As a matter of fact, on what moral principle could we condemn someone to live ? To consider that someone should serve their family or their society although they do not want to live any longer and are in great pain, it is philosophically speaking, reifying them, i e, reducing them to an object. To quote kant, it is tantamount to regarding man as a means rather than as an end.

It means looking upon man as a cog in the social machine hereby denying him his intrinsic dignity. It would mean that man is dignity-free as a human being, but entitled to one for his social usefulness (work, social rank…). To put it differently, man would be entitled to a mere external dignity which disappeared as soon as he ceased to be useful to society.

Consequently, if we regard man as an end rather than as a means, we cannot demand that he live to serve an external purpose of some kind if he does not wish to live any longer.

The right to suicide is a direct consequence of the Rights of Man. If man's dignity, if one is to believe the Declaration of the Rights of man, does not depend on his/her social belonging, but is inherent in his humanity, it is then immoral to oblige someone wanting to die, to be socially useful. To fully grasp the latter point, it is necessary to correct a language mistake that pro-choicers, -such as Exit- commonly make (pro-choicers whose general philosophy we however share).

The latter often use the phrase « to die in dignity », which, however, could mean that one can lose one's dignity if one dies in atrocious suffering, which betrays some absurd reasoning. The adequate phrase, if one wishes to be philosophically accurate, therefore is : « to die in accordance with one's dignity ». Let us hammer the point home : as human beings, we have an intrinsic dignity which depends on neither biological nor social factors : we shall therefore not lose any dignity. However, some situations of great physical or mental suffering do not agree with our sense of dignity and are morally intolerable precisely because we are beings endowed with a sense of dignity. We may agree to a table being « tortured », as it is devoid of consciousness and is therefore dignity-free. Yet, a human being Shall not be tortured presicely because he is endowed with a sense of dignity.

Thus, when a man is in constant pain (psychologically and/or physically) and when he no longer wishes to live, his sense of dignity morally requires a right to a painless termination.
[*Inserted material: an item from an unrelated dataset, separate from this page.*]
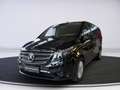 Mercedes-Benz Vito 124 CDI 4x4 Tourer SELECT Lang Navi Kamera Sitzh. Černá - thumbnail 3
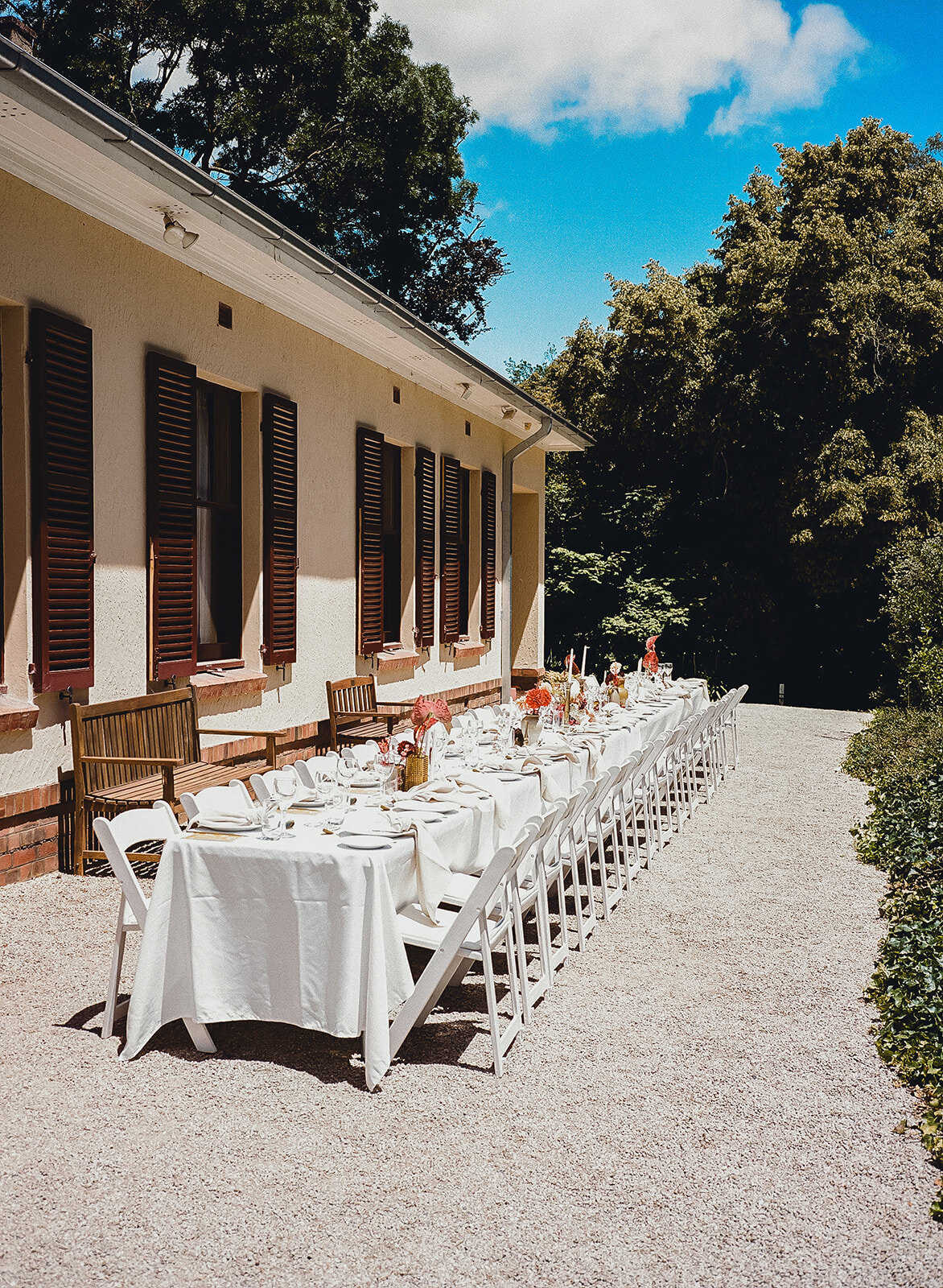 Hannah & Luke-105_websize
To want him to suffer for his family or his society is to reify him as well as flout his sense of dignity ; it is condemning him to too much suffering that is incompatible with his sense of dignity. How can one then claim that one lives in the country of the Rights of Man until a right to suicide is implemented and socially organised ?

Living out of social constraint prevents one from living of one's own free will, whether or not one enjoys life. These days, someone who wishes lo live is socially obliged to live. The difference between living of one's own free will (which requires that one is not socially bound to do so) and living out of social constraint is the same as the difference between a love story and a rape.

In the former, will is paramount, in the latter, coercion is.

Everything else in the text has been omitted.